• **What to do**
Transcribe every line of the material below without change, apart from dropping the pictures.

• **Given information**
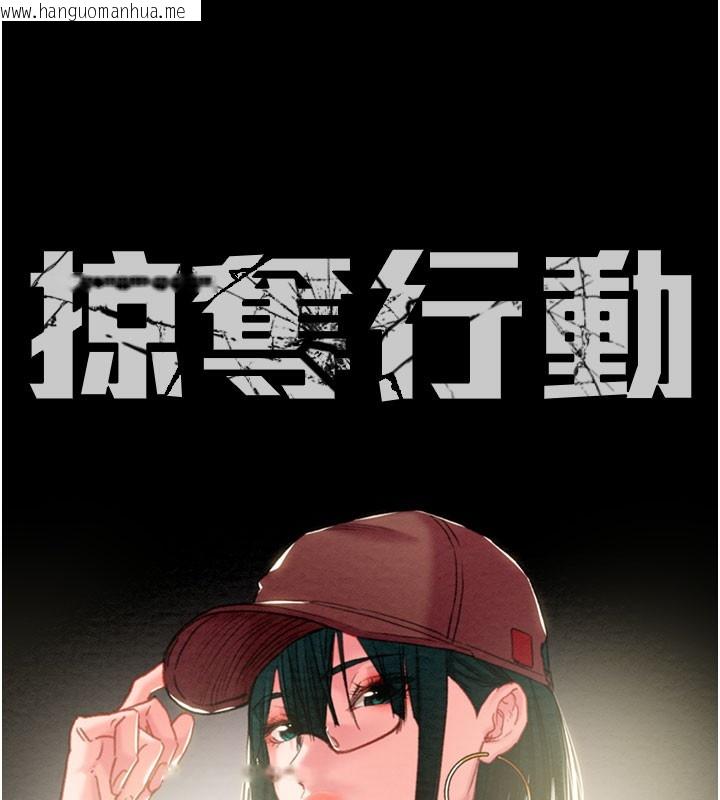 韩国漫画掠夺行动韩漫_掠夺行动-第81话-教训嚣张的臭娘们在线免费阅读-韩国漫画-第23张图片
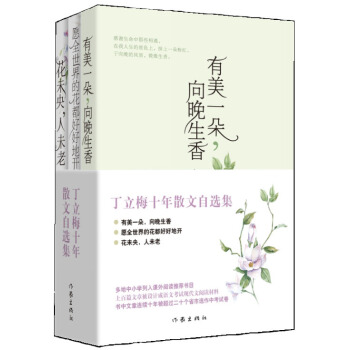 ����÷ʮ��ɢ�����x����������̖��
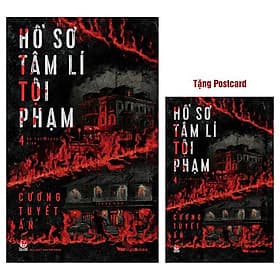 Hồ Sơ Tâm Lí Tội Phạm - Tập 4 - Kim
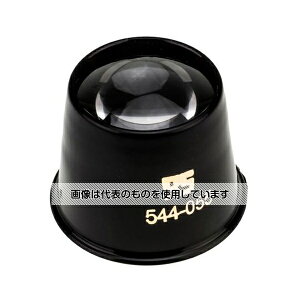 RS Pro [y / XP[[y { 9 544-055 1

• **Response to this exercise**
 韩国漫画掠夺行动韩漫_掠夺行动-第81话-教训嚣张的臭娘们在线免费阅读-韩国漫画-第23张图片
 ����÷ʮ��ɢ�����x����������̖��
 Hồ Sơ Tâm Lí Tội Phạm - Tập 4 - Kim
 RS Pro [y / XP[[y { 9 544-055 1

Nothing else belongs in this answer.